Flora Del Sol

by Guidel Presume

 

From Soul In a Bottle by Madison Smartt Bell

 

I'd told my story to just about everyone I ran into in Haiti who I thought might have an understanding with Les Mystères, might be able to explain matters and generally help me out, but all along my highest hopes for a solution had been from Lôlô and from Présumé. If Présumé saw me as an envoy of God, I saw him as an envoy of the loa, though this was not a role he especially wanted to assume. He was careful to tell me that he went to the ceremonies, when he did go, only because he liked the drumming. It was quite possible, I recognized, that I had created him in the character of spiritual guide purely out of my own need for someone to conduct me-- perhaps it really had nothing to do with him. 

At the same time, I sometimes had the sense that I was being studied. Occasionally I felt that I had passed little tests I had not even known I was taking. On different and very minor occasions, Présumé told me casually that I had a bon règle, a belle manière, and a bonne croyance. I knew that these qualities were important to him, if only because of our friendship.

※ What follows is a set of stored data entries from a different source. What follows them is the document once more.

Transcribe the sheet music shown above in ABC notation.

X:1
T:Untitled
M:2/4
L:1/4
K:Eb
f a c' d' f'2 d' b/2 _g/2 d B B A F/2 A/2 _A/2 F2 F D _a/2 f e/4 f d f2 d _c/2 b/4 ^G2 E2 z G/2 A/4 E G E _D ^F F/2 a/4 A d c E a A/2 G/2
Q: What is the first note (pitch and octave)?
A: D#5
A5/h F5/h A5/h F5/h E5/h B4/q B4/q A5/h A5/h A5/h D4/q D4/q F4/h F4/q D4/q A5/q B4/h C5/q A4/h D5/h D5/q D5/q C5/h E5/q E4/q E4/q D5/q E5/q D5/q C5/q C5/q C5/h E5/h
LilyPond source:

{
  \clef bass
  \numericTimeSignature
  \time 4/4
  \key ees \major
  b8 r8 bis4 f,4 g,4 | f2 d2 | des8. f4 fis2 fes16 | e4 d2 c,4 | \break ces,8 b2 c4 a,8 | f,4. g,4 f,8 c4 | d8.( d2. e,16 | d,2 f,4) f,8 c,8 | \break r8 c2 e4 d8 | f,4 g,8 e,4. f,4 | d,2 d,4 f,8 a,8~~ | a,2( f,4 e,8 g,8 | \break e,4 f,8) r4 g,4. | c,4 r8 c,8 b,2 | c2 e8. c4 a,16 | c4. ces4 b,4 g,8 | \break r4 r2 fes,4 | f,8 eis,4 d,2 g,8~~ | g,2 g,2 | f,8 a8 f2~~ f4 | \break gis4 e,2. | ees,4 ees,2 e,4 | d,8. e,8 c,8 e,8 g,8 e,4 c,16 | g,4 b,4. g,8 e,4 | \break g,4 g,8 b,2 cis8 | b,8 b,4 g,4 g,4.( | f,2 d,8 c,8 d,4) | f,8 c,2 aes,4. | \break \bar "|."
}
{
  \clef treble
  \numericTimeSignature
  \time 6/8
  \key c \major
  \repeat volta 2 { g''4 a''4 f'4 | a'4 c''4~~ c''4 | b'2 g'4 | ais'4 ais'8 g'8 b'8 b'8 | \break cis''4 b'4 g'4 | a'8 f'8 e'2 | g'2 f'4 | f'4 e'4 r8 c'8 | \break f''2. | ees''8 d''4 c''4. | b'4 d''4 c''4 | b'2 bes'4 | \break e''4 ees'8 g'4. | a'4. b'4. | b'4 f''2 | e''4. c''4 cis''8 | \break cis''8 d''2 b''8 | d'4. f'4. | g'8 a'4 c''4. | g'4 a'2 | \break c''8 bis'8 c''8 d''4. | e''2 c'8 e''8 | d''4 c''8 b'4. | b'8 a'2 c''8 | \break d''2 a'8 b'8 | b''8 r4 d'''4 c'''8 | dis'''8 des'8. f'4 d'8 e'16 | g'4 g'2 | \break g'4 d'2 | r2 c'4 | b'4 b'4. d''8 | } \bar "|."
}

Also Présumé was the first person to make any sort of direct answer to my question, as I had secretly hoped he might be. When I told my story of that summer night: the screams that I heard outside myself, the sense of being shredded apart, that sense of an internal twinning... after I had described the whole experience, the first night I found him during this trip, Présumé brightened and spoke without hesitation. "C'est la confusion spirituelle," he said, "That is spiritual confusion."